Dan hasilnya, tidak ada perbedaan diantara Shiva Buddha dan
Islam. Namun kedekatan mereka ini disalah artikan oleh ulama-ulama radikal yang
masih melihat kulit, masih melihat perbedaan. Syeh Siti Jenar dituduh mendekati
Ki Ageng Pengging untuk mencari dukungan kekuatan. Dan konyolnya, Ki Ageng
Pengging dikatakan sebagai murid Syeh Siti Jenar yang hendak melakukan
pemberontakan ke Demak Bintara. Padahal Ki Ageng Pengging tidak tertarik dengan
tahta. Walaupun sesungguhnya, memang benar bahwa beliau lah yang lebih berhak
menjadi Raja Majapahit kelak ketika Majapahit berhasil dihancurkan oleh Raden
Patah Dan juga, Ki Ageng Pengging bukanlah seorang muslim. Beliau dengan Syeh
Siti Jenar hanyalah seorang ‘sahabat spiritual’. Hubungan seperti ini, tidak
akan bisa dimengerti oleh mereka yang berpandangan dangkal. Ki Ageng Pengging
dan Syeh Siti Jenar adalah seorang spiritualis sejati. Kelak, setalah Majapahit
berhasil dihancurkan para militant Islam, dua orang sahabat ini menjadi target
utama untuk dimusnahkan. Baik Syeh Siti Jenar maupun Ki Ageng Pengging gugur
karena korban kepicikan. Dan, nama Ki Ageng Pengging dan Syeh Siti Jenar dibuat
hitam. Sampai sekarang, nama keduanya masih terus dihakimi sebagai dua orang
yang sesat dikalangan Islam. Namun bagaimanapun juga, keharuman nama keduanya tetap
terjaga dikisi-kisi hati tersembunyi masyarakat Jawa, walaupun tidak ada yang
berani menyatakan kekagumannya secara terang-terangan. Ironis.
Dari Ki Ageng
Pengging inilah, lahir seorang tokoh terkenal di Jawa. Yaitu Mas Karebat atau
Jaka Tngkir. Dan kelak menjadi Sultan Pajang setelah Demak hancur dengan gelar
Sultan Adiwijaya. Keturunan di Tarub Dikisahkan secara vulgar, suatu ketika
Prabhu Brawijaya terserang penyakit Rajasinga atau syphilis. Para Tabib Istana
sudah bekerja keras berusaha menyembuhkan beliau, tapi penyakit beliau tetap
membandel. Atas inisiatif beliau sendiri, setiap malam beliau tidur diarel Pura
Keraton. Memohon kepada Mahadewa agar diberi kesembuhan. Dan konon, setelah
beberapa malam beliau memohon, suatu malam, beliau mendapat petunjuk sangat
jelas. Dalam keheningan meditasinya, lamat-lamat beliau ‘mendengar’ suara.

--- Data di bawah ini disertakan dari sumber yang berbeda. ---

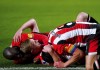 Brentford's Ben Mee celebrates scoring his side's second goal of the game with teammates, during the English Premier League soccer match between Brentford and Luton Town at the Gtech Community Stadium, in Brentford, London, Saturday, Dec. 2, 2023. (Victoria Jones/PA via AP)
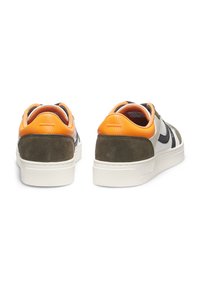Sneakers aus einer Kombination von olivgrünem Veloursleder und weißem Leder, mit einem orangefarbenen Fersenlasche und schwarzen Streifen an den Seiten.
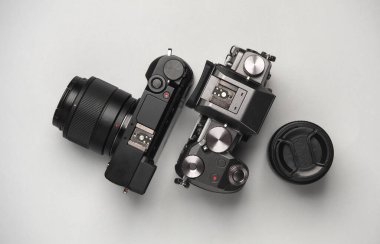 Gri arka planda lensleri olan iki modern dijital aynasız kamera. Üst görünüm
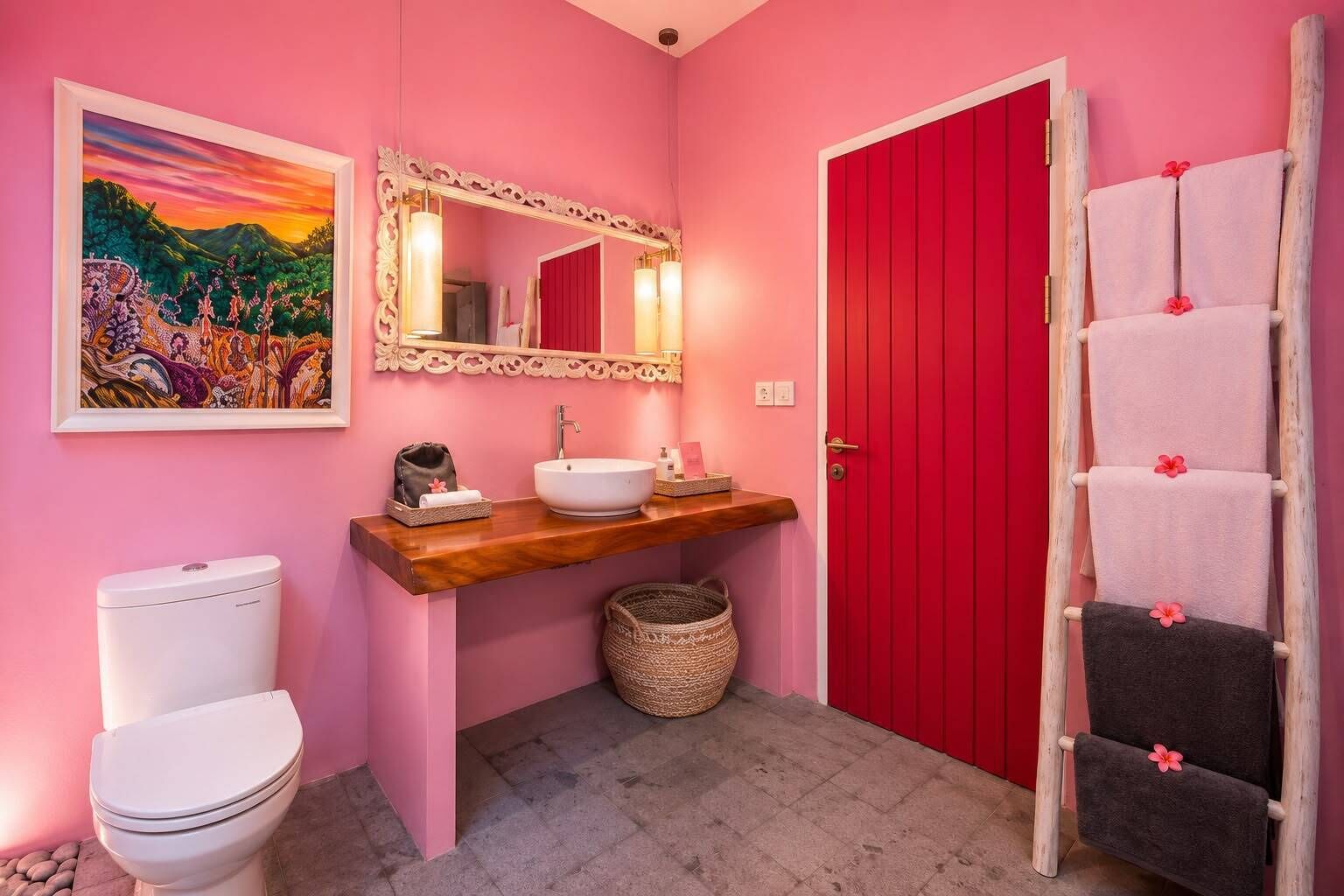 Une salle de bain avec un mur rose, un meuble-lavabo en bois, un lavabo blanc, des toilettes, une porte rouge, un miroir avec un cadre décoratif et un porte-serviettes avec des serviettes.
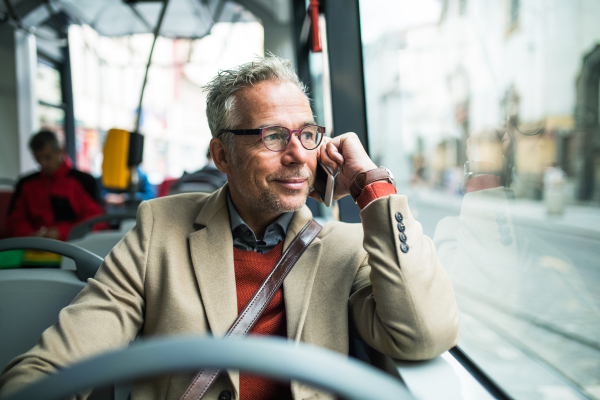 Tired mature handsome businessman travellling by bus in city of Prague. Copy space.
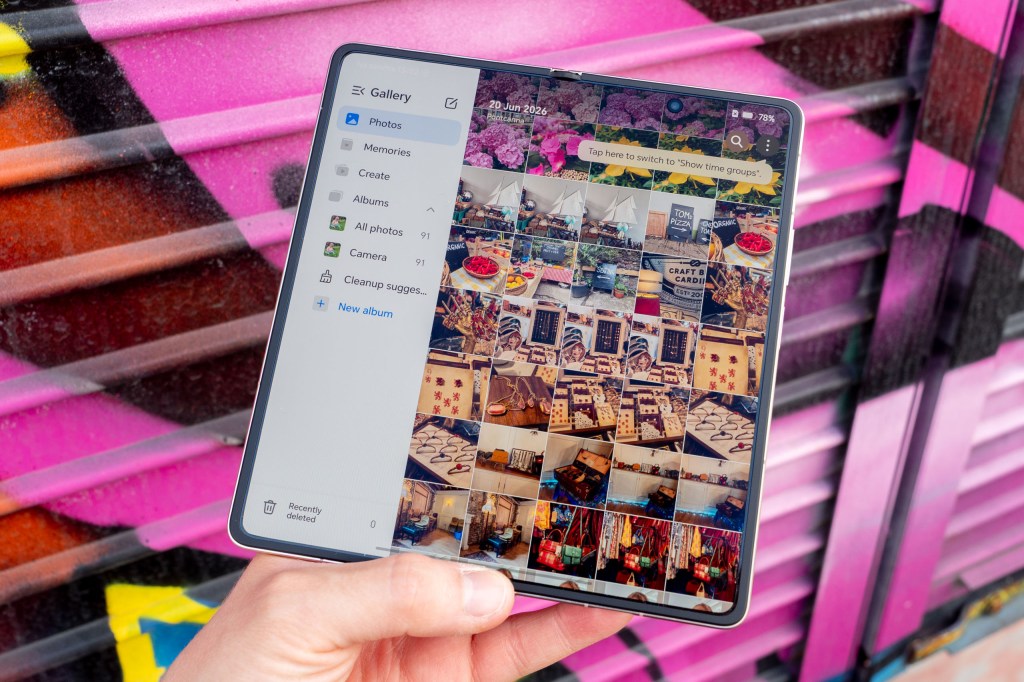 Honor Magic V6 foldable camera phone in hand displaying the gallery app on the large inner screen. Photographed against a pink graffiti wall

“Jika engkau ingin sembuh, nikahilah seorang pelayan wanita berdarah Wandhan.
Dan, inilah kali terakhir engkau boleh menikah lagi.” Mendapat ‘wisik’ yang
sangat jelas seperti itu, Prabhu Brawijaya termangu-mangu. Dan beliau teringat,
di Istana ada beberapa pelayan Istana yang berasal dari daerah Wandhan ( Bandha
Niera, didaerah Sulawesi ). Keesokan harinya, beliau memanggil para pelayan
istana dari daerah Wandhan. Beliau memilih yang paling cantik. Ada seorang
pelayan dari Wandhan, bernama Dewi Bondrit Cemara, sangat cantik. Diambillah
dia sebagai istri selir. Dikemudian hari, Dewi Bondrit Cemara dikenal dengan
nama Dewi Wandhan Kuning. Begitu menikahi Dewi Wandhan Kuning, dan setelah
melakukan senggama beberapa kali, penyakit Sang Prabhu berangsur-angsur sembuh.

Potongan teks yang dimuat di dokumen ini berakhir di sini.